- 1二次元好きの匿名さん22/07/24(日) 16:51:34
「戦力外通知……ですか」
トレセン学園の小会議室内で、申し訳なさそうにこちらを見るトレーナーと、名簿を見比べながら自嘲の笑みを浮かべた。
「本当に申し訳ない。俺も最後まで面倒を見たかったんだが……」
「……まあ、しょうがないですね」
ペラペラと名簿を捲り、自身のデータが記されている頁を見つける。
「重賞でも掲示板常連内。手前味噌ですが、それなりの実力があると自負しています」
しかし、共に走る仲間はそうではなかった。
最初は自分と同じレベルが集まっていた。共に頂点を目指そう。そんな誓いを交わしたのも覚えている。

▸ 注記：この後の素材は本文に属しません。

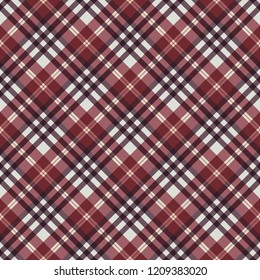 Plaid Seamless Pattern - Plaid design in lovely autumn colors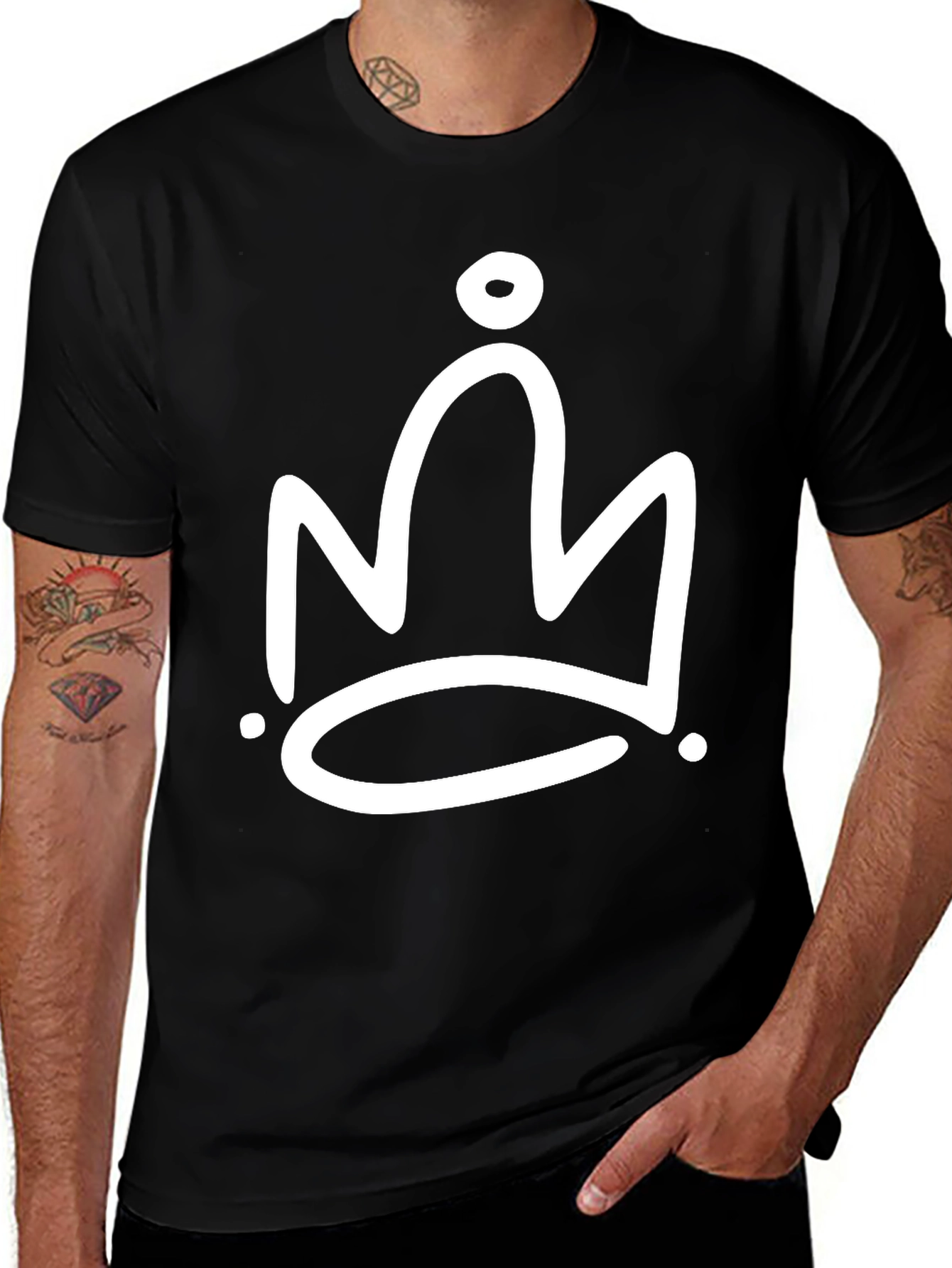 Variant 28 of Crown Graphic Black T-Shirt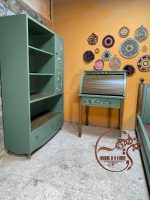 ست میز تحریر و کتابخانه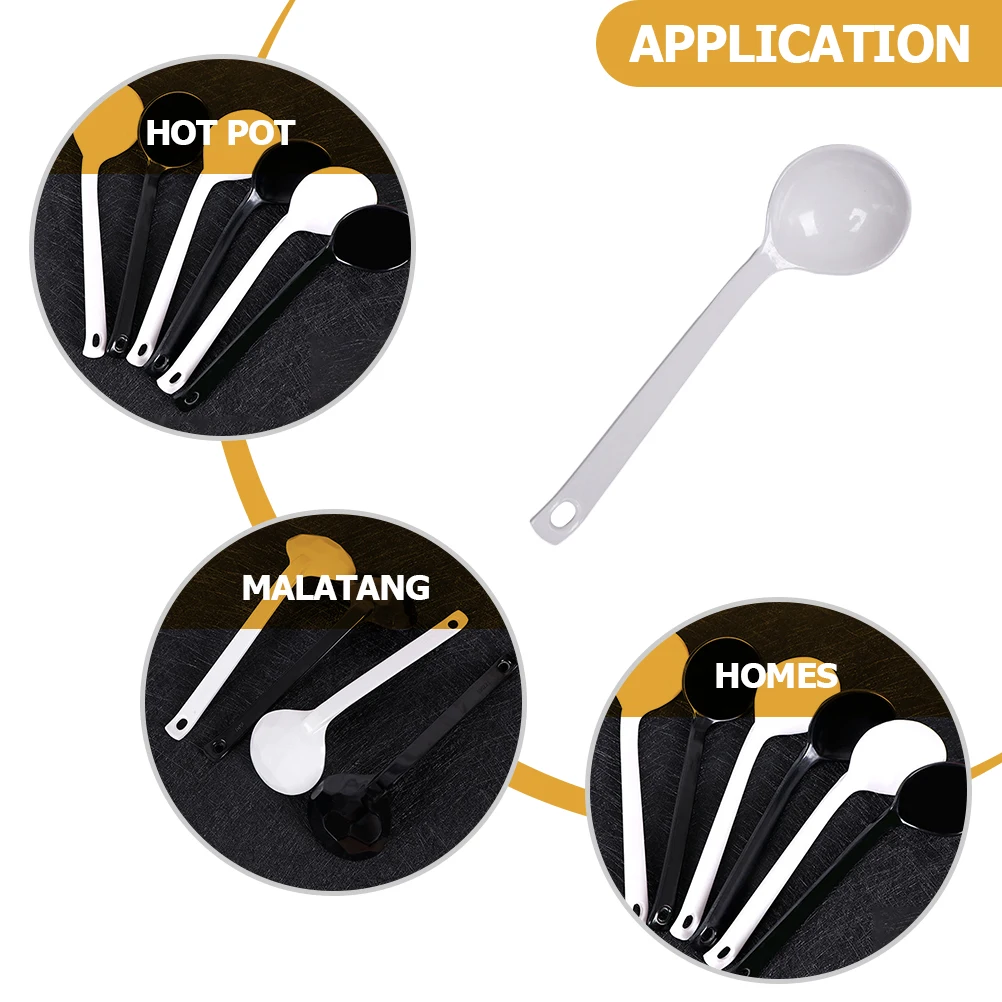 

Hot Pot Seasoning Spoon Chinese Soup Long H Noodle Spicy Ramen Turtle Shell Shape Easy Clean Kitchen Barware
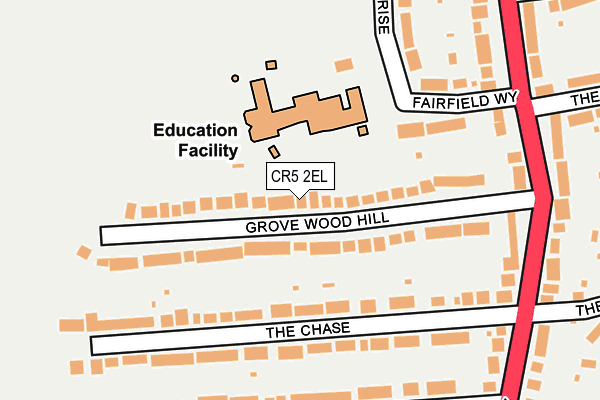 CR5 2EL map - OS OpenMap – Local (Ordnance Survey)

だが、ある日ひとりのウマ娘がチームに入ったことで、全てが変わった。そのウマ娘は重賞はおろか、G1でさえ敗北したことのない、まるで綺羅星のような存在だった。
「最初は俺も嬉しかったよ。あんな凄い子がスカウトを受けてくれるなんてさ……」
トレーナーの表情が変わる。それは、不安と恐怖が滲み出ていることが窺えた。
彼女を起点に、チームは変わった。誘蛾灯に虫が纏わりつくように、磁石に砂鉄が集まるように、強者がひとり、またひとりと集まってきた。
頁を捲る。そこには最初に肩を並べたチームメイトの軌跡など、吹いて飛ぶような並々ならぬ猛者が連なっていた。
出走者の枠は限られている。それまで共に走っていた石ころたちは振り落とされ、あるいは自分から席を譲って立ち去った。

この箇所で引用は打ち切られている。